- **Goal of the exercise**:
Transcribe exactly the lines below that begin at the line with "MAZEDONIEN, Ohrid. Burg Car Samoil - Burg 2" and stop after the line with "Chinchou card", leaving out every picture.

··· Dataset extract ···

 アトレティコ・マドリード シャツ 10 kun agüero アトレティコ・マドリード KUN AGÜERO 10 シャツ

···
··· Dataset extract ···

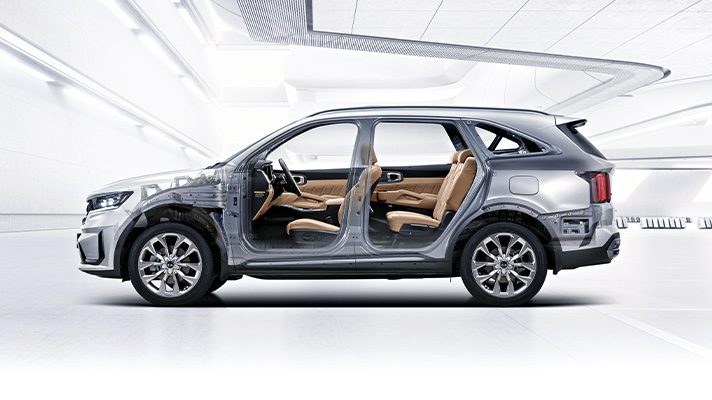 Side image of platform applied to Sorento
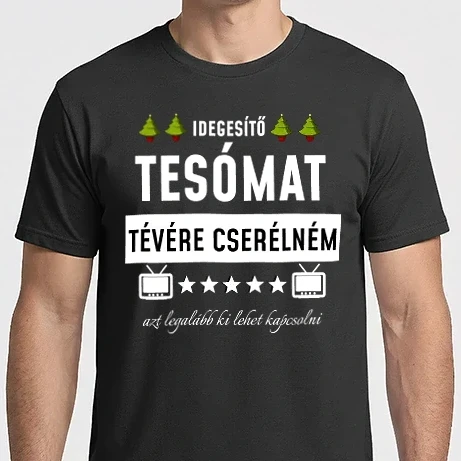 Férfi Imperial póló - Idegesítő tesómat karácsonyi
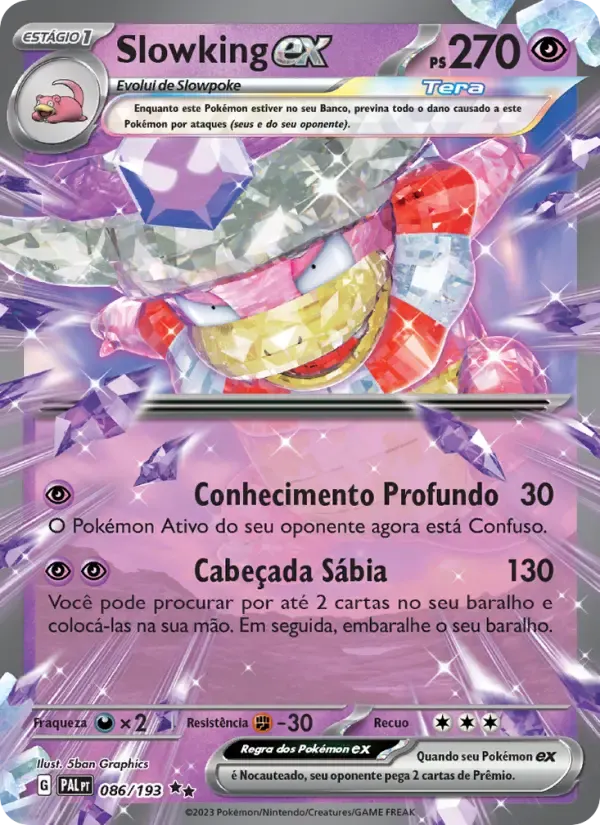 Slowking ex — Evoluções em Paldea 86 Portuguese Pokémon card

···
··· Dataset extract ···

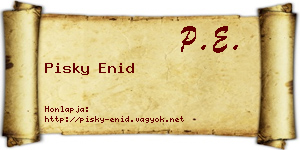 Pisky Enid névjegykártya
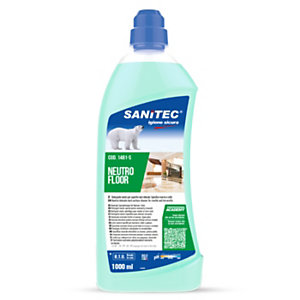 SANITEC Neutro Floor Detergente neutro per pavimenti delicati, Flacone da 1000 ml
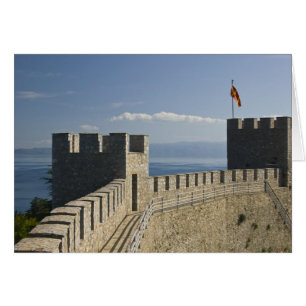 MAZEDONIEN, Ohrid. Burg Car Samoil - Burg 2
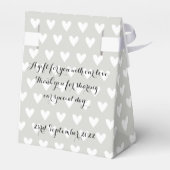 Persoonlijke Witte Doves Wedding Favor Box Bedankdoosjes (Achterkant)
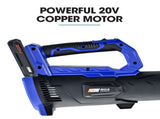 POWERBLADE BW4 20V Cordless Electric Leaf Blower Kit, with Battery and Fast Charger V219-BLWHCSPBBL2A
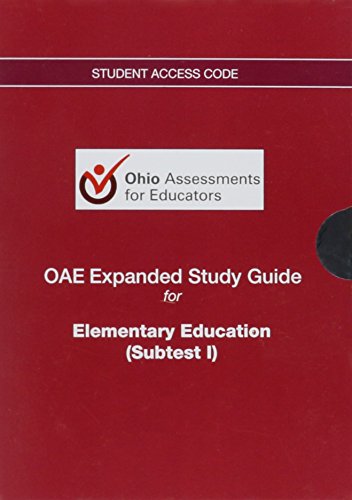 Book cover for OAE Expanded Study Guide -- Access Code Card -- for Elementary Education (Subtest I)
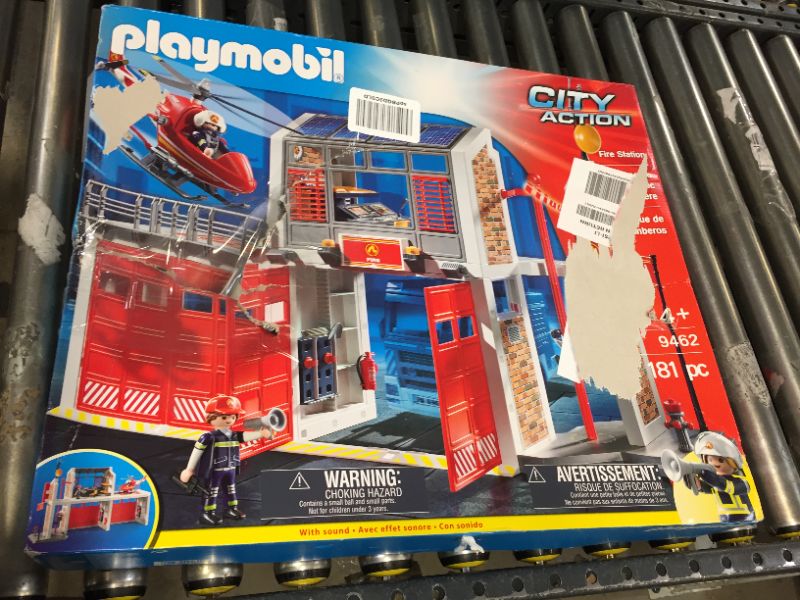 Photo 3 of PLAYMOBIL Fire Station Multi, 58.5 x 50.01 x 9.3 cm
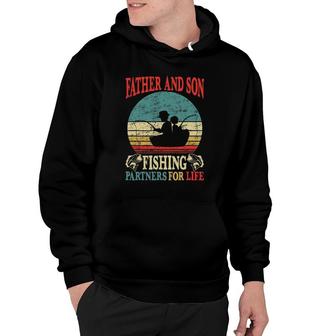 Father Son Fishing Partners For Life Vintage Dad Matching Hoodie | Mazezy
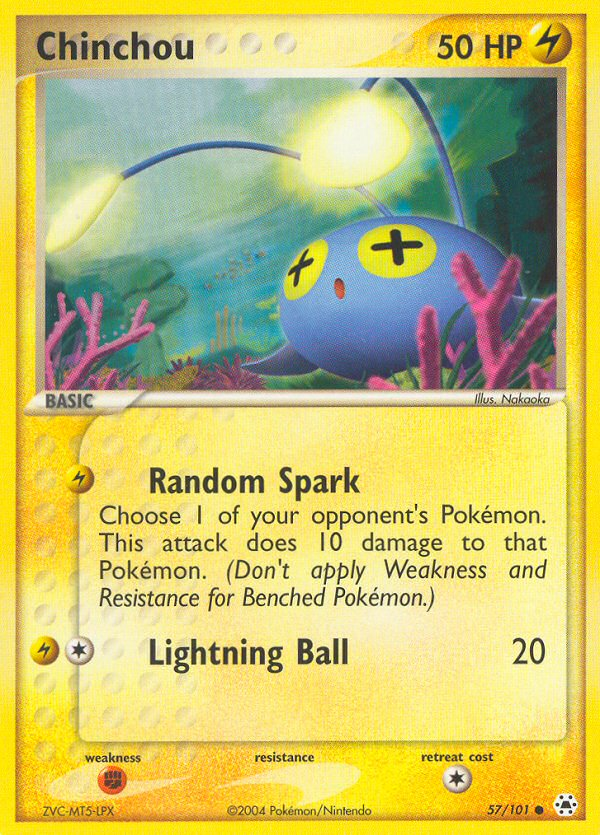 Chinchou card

···

- **Response area**:
 MAZEDONIEN, Ohrid. Burg Car Samoil - Burg 2
 Persoonlijke Witte Doves Wedding Favor Box Bedankdoosjes (Achterkant)
 POWERBLADE BW4 20V Cordless Electric Leaf Blower Kit, with Battery and Fast Charger V219-BLWHCSPBBL2A
 Book cover for OAE Expanded Study Guide -- Access Code Card -- for Elementary Education (Subtest I)
 Photo 3 of PLAYMOBIL Fire Station Multi, 58.5 x 50.01 x 9.3 cm
 Father Son Fishing Partners For Life Vintage Dad Matching Hoodie | Mazezy
 Chinchou card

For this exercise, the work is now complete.